Every chip manufactured today, if it was made on modern production equipment, is touched by Newport technology, according to Phillippy.
• Industrial, with includes a host of parts and products for micromachining and laser manufacturing.
Two recent acquisitions added new growth markets in emerging fields.
In July, Newport Corp. acquired Austria-based High Q Technologies GmbH—a family-owned maker of “ultrafast lasers”—and Israel-based optics, instrumentation and measurement company Ophir Optronics Ltd. It added more than 700 employees in both deals.
High Q’s lasers are used for flat cutting in Lasik surgical procedures. Phillippy said High Q’s technology will expand the possibilities for eye surgeries and other procedures.
“That’s just the beginning,” he said.
The addition is expected to strengthen Newport’s business in precision industrial manufacturing.
The $230 million Ophir buy provides in-roads in the precision infrared optics, photonics instrumentation and three-dimensional measurement equipment markets.
Digital Dentistry
Ophir’s technology holds promise in the field of digital dentistry and the aerospace and defense markets, a rather unlikely mix.
The Jerusalem-based company has a patented technology for a rapid and precise 3D scan. Technicians are beginning to administer the oral scanner to patients. In less than minute, a crown or mold image is taken. A machine then produces the 3D model, allowing patients to walk out of the office with a new crown or implant in one short visit.
The traditional process could take weeks as molds are sent to a lab and then crafted with ceramic materials by a technician by hand to match the tooth. The end product is then sent back to the dentist office before it’s applied to the patient.
On the defense side, Ophir’s infrared optical systems are increasingly being deployed on drones, other unmanned aerial vehicles and on ground transportation.
The company has an agreement with a manufacturer building night-vision systems for BMWs that allows drivers to see beyond their headlights, a compelling feature for drivers on Germany’s autobahns or coastal cruisers in California.
“Totally Cool”
The technology also holds commercial applications in security, boating and other areas.
“The stuff we’re doing is totally cool,” Phillippy said.

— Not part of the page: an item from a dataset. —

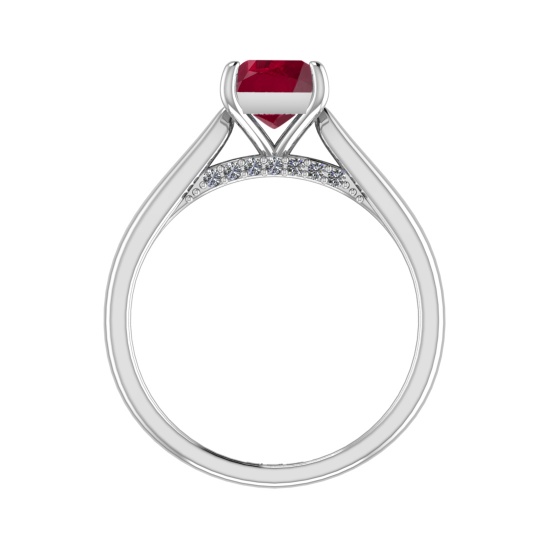 0.82 Ctw VS/SI1 Ruby and Diamond 14k white Gold Engagement Ring (ALL DIAMON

The acquisitions provide greater diversification to the company, while reducing its exposure to the highly cyclical chip capital equipment market, according to James Ricchiuti, a senior analyst at Needham & Company LLC in New York.

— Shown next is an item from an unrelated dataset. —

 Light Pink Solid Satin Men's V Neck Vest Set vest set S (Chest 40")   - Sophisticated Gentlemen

“Ophir has added to the company’s considerable strength in photonics, while providing access to a number of new and fast-growing markets such as thermal imaging, infrared optics and 3D non-contact measurement,” Ricchiuti said. “High Q Technologies has enhanced Newport’s position in the health and life sciences market, particularly in biomedical applications.”
Newport was founded in 1969 by John Matthews, an engineer from California Institute of Technology, during the nascent days of laser experimentation. The first optical laser was invented about a decade earlier.
The company moved from its longtime home in Fountain Valley to Irvine in the early 1990s. It was originally called Newport Resource Corp.
The company was built on a technology that became one of its flagship products and is still sold in dozens of countries today. It’s an optical table used in laser experiments—a steel-clad, honeycomb that provides stability by eliminating ambient vibrations.
Newport Corp. engineers soon followed with optical mounts and other tools for use with the table. Then come detectors, power meters, sensors, fiber optics and spectroscopy instruments that help dissect and analyze an object’s light.
“Populating the catalogue around this lab space was how the company grew in its early days,” Phillippy said.
Today that catalogue is 1,600 pages and filled with more than 10,000 products.